TASK DIRECTIONS: The records below must be output exactly, without pictures.

Crawled caption data:
··········

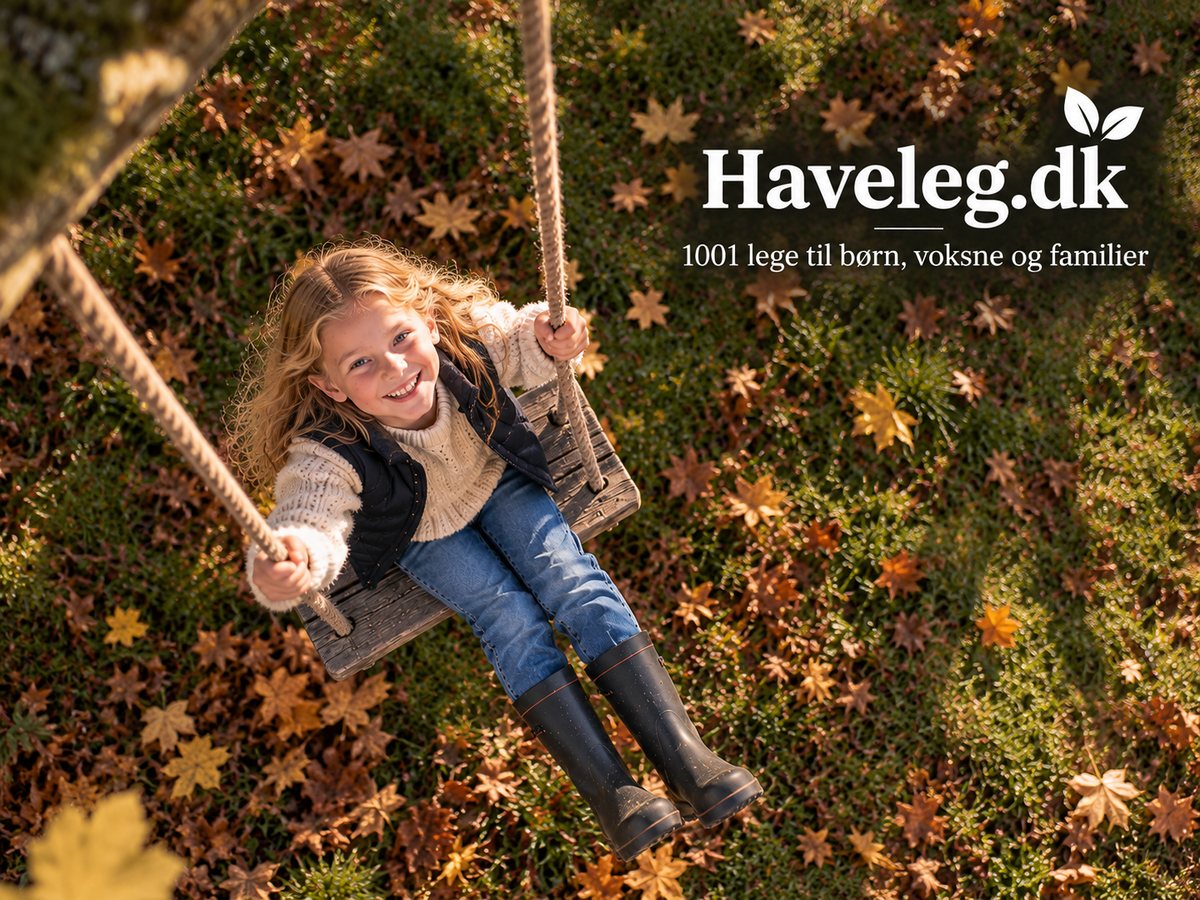 Haveleg på gyngen i efterårshaven: pige gynger over et tæppe af gule og røde blade, set oppefra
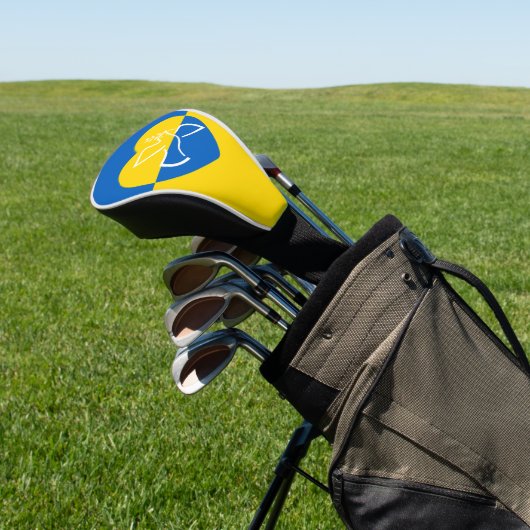 Oekraïense vlag, blauw en geel hart vredesduif golfheadcover (Insitu)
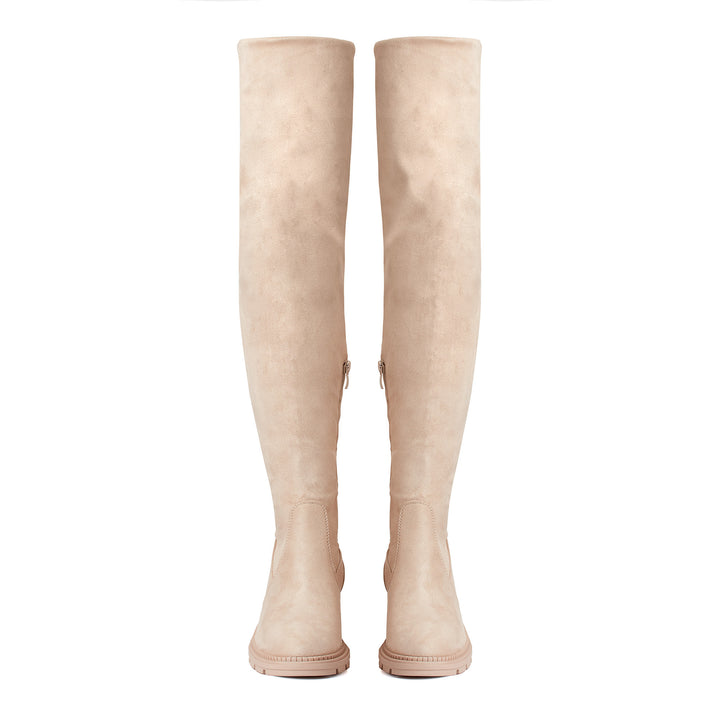Smile Favorites Overknee Stiefel Beige suedine Blockabsatz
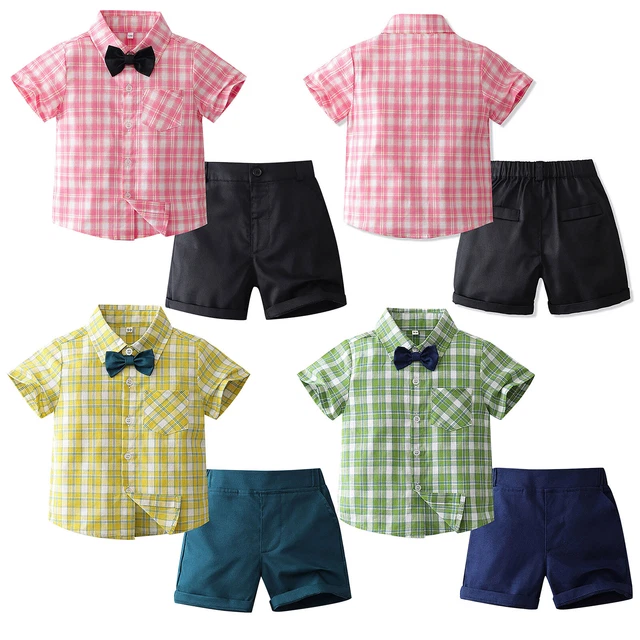 Abiti da gentiluomo bambini bambini maniche corte camicia a quadri set pantaloncini vestiti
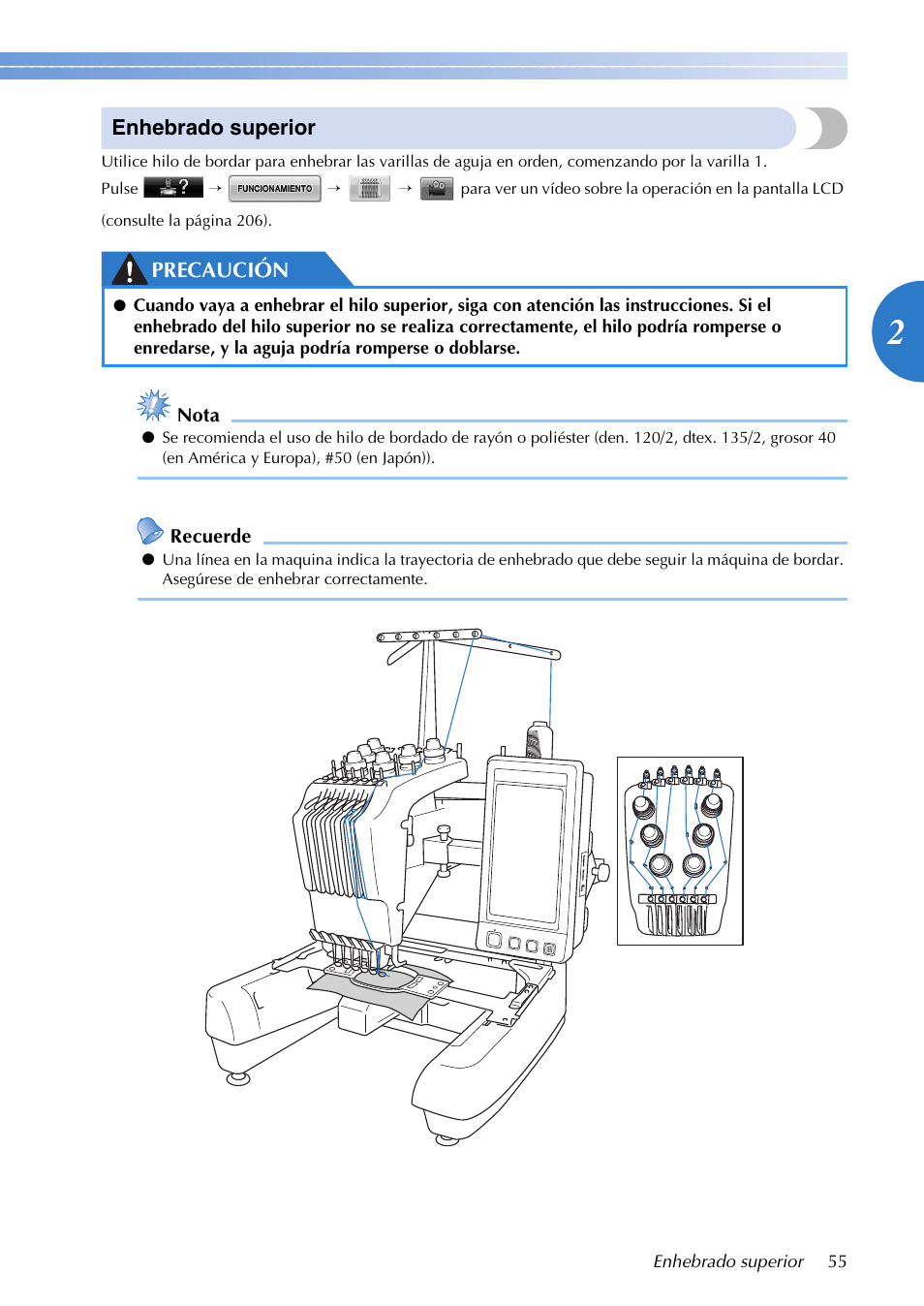 Enhebrado superior, Precaución | Brother PR655 User Manual | Page 57 / 280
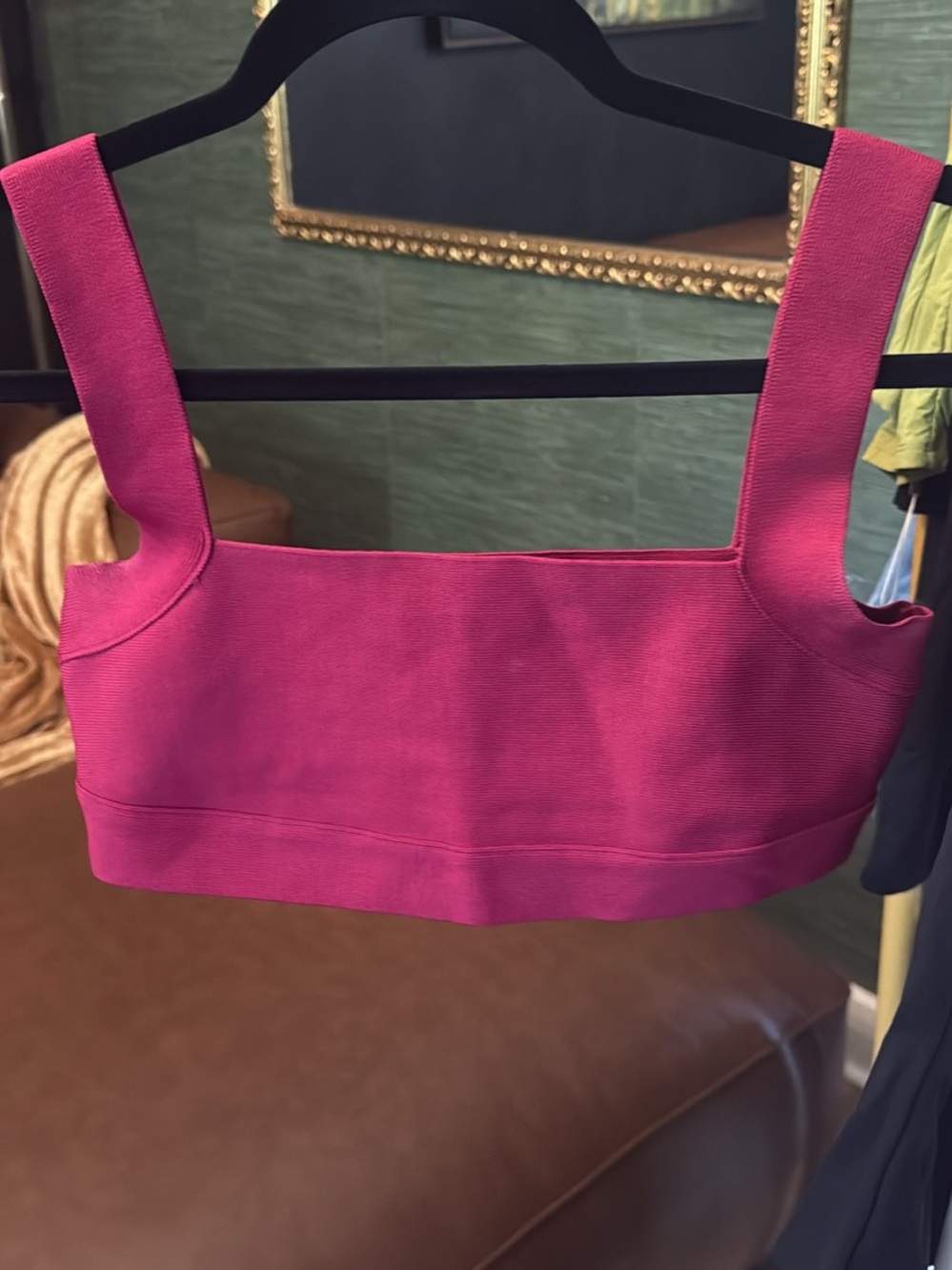 naked wardrobe Hot Pink Square Neck Crop Bralette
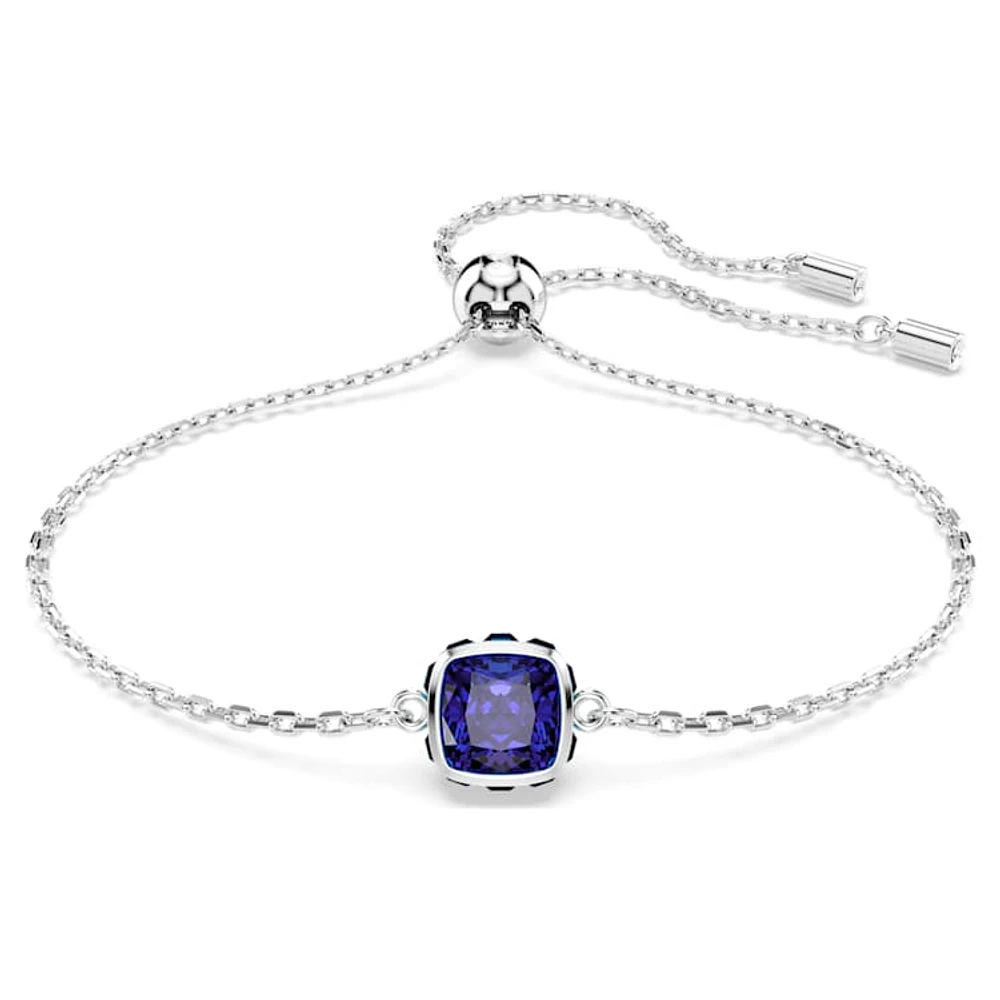 Birthstone bracelet, Square cut, September, Blue, Rhodium plated by SWAROVSKI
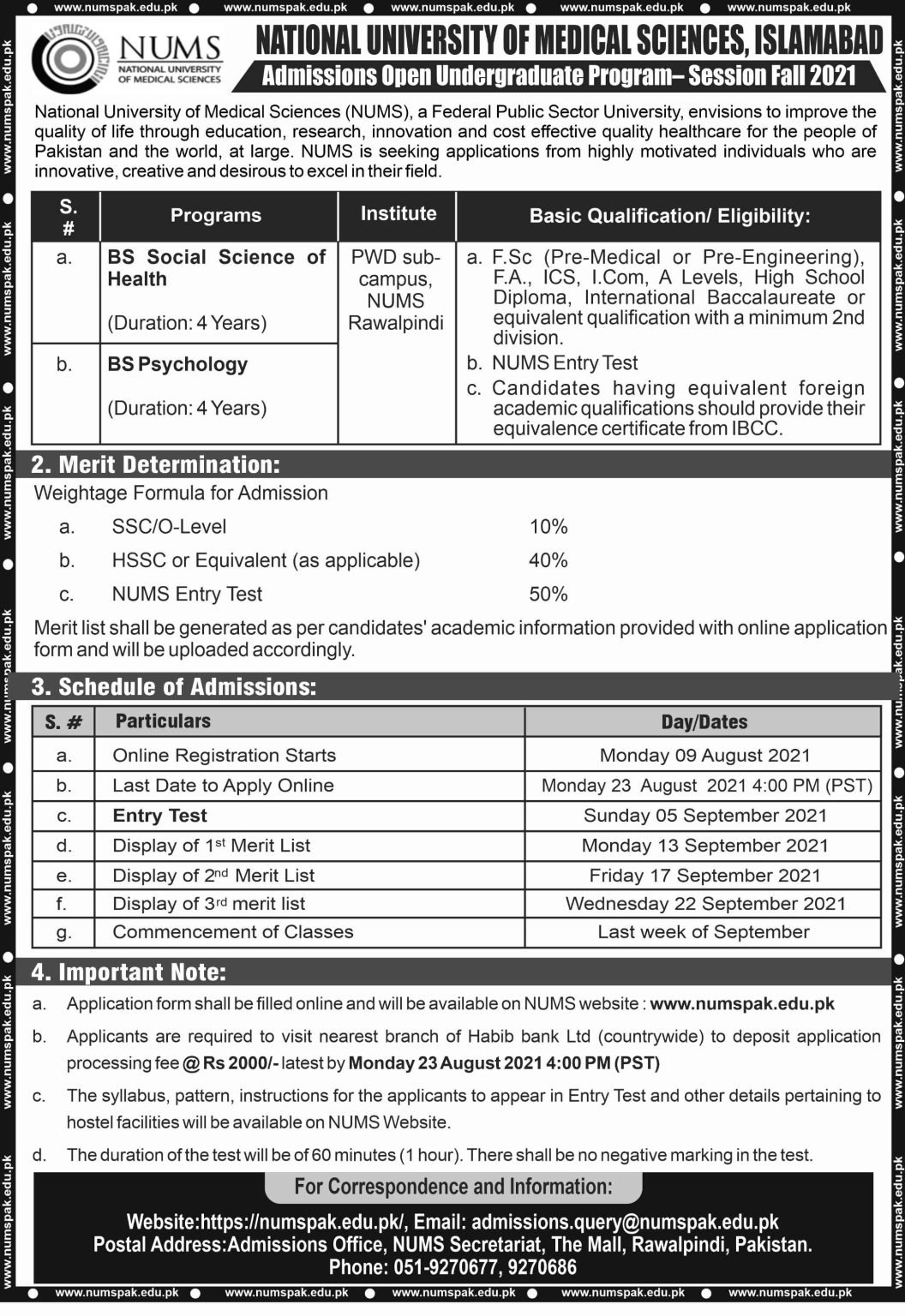 NUMS Announce Admission for Undergraduate Degree Programs 2021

··········

SOLUTION:
 Haveleg på gyngen i efterårshaven: pige gynger over et tæppe af gule og røde blade, set oppefra
 Oekraïense vlag, blauw en geel hart vredesduif golfheadcover (Insitu)
Smile Favorites Overknee Stiefel Beige suedine Blockabsatz
 Abiti da gentiluomo bambini bambini maniche corte camicia a quadri set pantaloncini vestiti
 Enhebrado superior, Precaución | Brother PR655 User Manual | Page 57 / 280
 naked wardrobe Hot Pink Square Neck Crop Bralette
 Birthstone bracelet, Square cut, September, Blue, Rhodium plated by SWAROVSKI
 NUMS Announce Admission for Undergraduate Degree Programs 2021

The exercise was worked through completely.